After many recent seismic events, heavy damage and failures of unreinforced masonry (URM) walls proved to be both a considerable economical loss and a serious hazard for human safety. Despite being classified as non-structural elements and often neglected in design numerical models, URM infills have a relevant influence on the seismic behaviour of structures. Simple and more refined models for URM infill walls have existed for decades, but usually they refer only to in-plane actions. Recently, however, a few macromodels that include out-of-plane actions were proposed, but limited studies have shown their application to realistic reinforced concrete (RC) frame structures. The aim of this work is to adopt and calibrate a macro-model for masonry infill walls that considers simultaneous in-plane and out-of-plane actions, and apply it to the nonlinear pushover analysis of RC frame structures representative of traditionally and seismically designed buildings.
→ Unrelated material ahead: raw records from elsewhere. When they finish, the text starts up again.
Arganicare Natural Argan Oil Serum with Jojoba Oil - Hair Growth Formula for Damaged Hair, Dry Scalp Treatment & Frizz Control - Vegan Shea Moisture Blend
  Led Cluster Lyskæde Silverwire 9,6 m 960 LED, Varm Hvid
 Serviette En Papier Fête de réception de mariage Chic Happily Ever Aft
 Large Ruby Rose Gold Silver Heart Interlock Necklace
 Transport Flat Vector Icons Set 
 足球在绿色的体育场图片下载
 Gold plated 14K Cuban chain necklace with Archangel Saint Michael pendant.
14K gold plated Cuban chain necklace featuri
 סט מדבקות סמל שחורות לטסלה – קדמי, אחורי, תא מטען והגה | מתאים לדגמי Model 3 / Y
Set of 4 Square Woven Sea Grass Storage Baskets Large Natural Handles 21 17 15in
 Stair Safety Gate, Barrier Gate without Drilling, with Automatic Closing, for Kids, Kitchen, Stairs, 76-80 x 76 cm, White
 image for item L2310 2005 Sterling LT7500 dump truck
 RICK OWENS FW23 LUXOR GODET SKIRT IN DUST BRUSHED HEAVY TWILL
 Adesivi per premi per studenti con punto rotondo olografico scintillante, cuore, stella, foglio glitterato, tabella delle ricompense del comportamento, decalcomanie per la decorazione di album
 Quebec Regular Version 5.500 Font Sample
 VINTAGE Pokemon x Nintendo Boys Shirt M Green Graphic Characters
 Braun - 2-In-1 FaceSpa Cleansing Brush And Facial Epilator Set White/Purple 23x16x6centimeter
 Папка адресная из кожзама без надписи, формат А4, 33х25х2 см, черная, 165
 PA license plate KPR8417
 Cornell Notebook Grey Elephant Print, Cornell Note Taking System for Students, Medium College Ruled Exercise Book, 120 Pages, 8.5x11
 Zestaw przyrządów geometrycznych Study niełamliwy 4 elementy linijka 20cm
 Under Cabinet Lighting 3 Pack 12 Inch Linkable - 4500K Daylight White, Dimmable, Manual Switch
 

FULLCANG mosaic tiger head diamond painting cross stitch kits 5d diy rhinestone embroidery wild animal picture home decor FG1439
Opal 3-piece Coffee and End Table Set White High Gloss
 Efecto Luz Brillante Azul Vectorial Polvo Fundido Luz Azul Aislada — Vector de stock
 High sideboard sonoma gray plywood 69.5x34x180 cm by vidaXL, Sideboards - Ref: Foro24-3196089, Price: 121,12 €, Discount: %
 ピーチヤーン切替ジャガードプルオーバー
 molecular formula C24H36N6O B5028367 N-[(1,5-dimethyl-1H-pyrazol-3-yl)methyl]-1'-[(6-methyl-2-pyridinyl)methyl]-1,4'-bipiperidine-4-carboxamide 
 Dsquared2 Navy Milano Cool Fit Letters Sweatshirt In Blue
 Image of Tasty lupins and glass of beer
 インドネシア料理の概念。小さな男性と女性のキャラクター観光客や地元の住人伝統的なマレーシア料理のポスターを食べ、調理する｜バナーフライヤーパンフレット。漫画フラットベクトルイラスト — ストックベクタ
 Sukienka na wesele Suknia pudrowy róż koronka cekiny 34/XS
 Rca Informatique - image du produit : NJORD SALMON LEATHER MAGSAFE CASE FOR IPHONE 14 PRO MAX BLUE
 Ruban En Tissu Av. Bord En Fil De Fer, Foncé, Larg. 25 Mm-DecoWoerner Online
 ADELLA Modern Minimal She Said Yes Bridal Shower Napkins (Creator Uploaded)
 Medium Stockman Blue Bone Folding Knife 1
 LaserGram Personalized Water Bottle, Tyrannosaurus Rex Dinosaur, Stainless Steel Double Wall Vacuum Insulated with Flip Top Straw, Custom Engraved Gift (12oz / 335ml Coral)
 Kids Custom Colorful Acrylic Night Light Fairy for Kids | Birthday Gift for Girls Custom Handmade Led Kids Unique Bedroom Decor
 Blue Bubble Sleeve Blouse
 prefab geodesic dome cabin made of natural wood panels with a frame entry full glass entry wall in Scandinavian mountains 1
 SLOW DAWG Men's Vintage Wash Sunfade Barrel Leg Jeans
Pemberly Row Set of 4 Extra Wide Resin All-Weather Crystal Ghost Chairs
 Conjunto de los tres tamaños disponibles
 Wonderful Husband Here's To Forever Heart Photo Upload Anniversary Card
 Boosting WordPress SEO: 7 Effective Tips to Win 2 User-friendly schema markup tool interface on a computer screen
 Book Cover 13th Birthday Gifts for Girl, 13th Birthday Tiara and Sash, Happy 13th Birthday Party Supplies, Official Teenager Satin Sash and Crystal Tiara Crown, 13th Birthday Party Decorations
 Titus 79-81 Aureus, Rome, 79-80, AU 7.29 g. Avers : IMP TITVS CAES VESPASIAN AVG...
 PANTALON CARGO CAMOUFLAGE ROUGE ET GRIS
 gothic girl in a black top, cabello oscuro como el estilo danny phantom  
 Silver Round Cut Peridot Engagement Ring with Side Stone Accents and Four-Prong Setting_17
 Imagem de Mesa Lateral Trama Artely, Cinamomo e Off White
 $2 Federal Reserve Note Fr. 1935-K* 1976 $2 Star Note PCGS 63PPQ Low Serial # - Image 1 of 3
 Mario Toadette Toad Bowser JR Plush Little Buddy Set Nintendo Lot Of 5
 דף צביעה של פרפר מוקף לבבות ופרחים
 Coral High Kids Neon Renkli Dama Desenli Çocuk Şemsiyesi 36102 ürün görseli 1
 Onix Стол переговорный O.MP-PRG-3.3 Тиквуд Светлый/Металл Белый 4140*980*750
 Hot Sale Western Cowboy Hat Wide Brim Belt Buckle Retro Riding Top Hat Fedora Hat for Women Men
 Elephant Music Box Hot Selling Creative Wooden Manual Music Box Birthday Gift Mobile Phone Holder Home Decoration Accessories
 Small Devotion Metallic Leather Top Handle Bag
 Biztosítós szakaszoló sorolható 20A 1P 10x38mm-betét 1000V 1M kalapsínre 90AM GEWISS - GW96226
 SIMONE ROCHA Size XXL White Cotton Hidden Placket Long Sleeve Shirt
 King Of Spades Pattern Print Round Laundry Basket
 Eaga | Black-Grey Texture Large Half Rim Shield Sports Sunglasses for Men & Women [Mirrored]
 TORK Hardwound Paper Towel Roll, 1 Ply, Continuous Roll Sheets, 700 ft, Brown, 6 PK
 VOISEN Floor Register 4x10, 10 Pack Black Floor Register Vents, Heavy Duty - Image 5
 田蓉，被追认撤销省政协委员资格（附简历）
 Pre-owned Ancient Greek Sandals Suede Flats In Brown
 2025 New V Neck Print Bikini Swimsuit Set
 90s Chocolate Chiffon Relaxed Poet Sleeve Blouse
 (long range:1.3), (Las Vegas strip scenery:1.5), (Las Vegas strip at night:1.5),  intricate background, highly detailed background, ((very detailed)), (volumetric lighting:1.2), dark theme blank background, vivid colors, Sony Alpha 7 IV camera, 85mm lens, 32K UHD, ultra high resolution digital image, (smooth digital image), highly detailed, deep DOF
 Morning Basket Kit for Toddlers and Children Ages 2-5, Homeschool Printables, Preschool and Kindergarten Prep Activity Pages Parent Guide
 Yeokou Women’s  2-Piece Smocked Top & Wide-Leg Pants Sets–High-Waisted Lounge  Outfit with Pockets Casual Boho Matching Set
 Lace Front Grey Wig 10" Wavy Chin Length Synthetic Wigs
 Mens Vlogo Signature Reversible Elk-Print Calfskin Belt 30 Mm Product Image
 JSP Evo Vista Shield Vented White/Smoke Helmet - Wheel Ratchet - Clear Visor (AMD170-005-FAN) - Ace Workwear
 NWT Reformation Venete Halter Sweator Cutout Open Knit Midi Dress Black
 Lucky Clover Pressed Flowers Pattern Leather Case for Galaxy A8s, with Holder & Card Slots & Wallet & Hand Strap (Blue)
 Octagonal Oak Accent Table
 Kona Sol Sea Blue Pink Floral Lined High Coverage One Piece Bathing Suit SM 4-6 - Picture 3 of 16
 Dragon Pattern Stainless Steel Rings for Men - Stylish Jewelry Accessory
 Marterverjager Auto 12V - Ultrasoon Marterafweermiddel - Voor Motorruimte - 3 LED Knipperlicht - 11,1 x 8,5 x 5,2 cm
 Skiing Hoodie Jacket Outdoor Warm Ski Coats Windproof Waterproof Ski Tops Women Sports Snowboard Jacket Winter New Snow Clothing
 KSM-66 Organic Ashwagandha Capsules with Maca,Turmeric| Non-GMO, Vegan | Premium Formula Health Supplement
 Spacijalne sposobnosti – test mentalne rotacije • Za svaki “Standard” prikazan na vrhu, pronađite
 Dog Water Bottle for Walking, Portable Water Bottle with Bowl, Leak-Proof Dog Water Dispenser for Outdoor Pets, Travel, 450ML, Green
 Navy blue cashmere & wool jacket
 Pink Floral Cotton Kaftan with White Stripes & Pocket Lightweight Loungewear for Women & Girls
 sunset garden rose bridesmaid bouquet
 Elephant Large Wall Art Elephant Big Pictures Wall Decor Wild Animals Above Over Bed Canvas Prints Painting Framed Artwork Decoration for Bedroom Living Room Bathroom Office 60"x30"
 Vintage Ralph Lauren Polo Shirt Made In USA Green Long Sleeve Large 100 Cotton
To this scope, a recently proposed URM infill macro-model with in-plane out-of-plane interaction is calibrated with existing experimental data from quasi-static tests performed on two types of clay masonry infill walls that are commonly found both in Italy and other Mediterranean countries. The calibrated elements are included in planar numerical models of RC framed structures representative of the Italian building stock, considering both traditionally and newly designed frames. Nonlinear static pushover analyses are performed on the frames with simultaneous static forces acting on the walls elements in the out-of-plane direction. Increasing the out-of-plane loads induces both cracking and failure of the walls at lower lateral drifts of the buildings and also affects the overall response curve of the frames.